Yargıç ve Celladı
“İşte biz insanlar birbirimizden korktuğumuz için, devletler kuruyoruz Schwendi. Türlü koruyucularla sarıp sarmalıyoruz çevremizi. Polisler, askerler, kamuoyu… Ama tüm bunlar neye yarıyor ki?”
Kırk yıl önce İstanbul’da başlayan bir intikam hikâyesi…
Artık Türk okurunun aşina olduğu, İsviçreli yazar Dürrenmatt’ın bu romanı, genel adalet anlayışının bir bakıma hicvi. Dürrenmatt polisiyeyi edebiyatın nitelikli bir kolu haline getirmekle kalmıyor; felsefi sorunları da doğallıkla eserinin asli niteliklerinden birine dönüştürüyor.
Komiser Berlach, olayları başlatan polis cinayetini soruşturmak için görevlendirilir ve insan doğası Berlach ve çevresi üzerinden değerlendirilir.

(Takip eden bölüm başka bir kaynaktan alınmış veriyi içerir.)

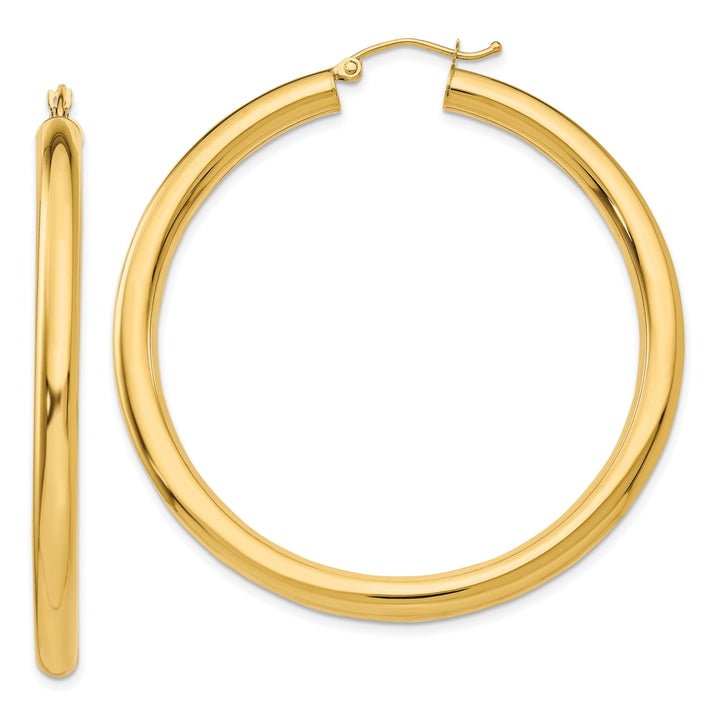 14k Yellow Gold 4MM Lightweight Round Earrings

Komiser katille kedi-fare oyunu oynarken adalet kavramını kafasında yeniden şekillendirir. Cinayetin izi sürülürken suç ve adalet, iyilik ve kötülük, insan ve toplum arasındaki ilişkiler büyük bir titizlikle işlenir.
Yargıç ve Celladı, altında yatan anlamın her sayfada derinleştiği, okuduktan sonra etkisi uzun süre geçmeyecek bir roman.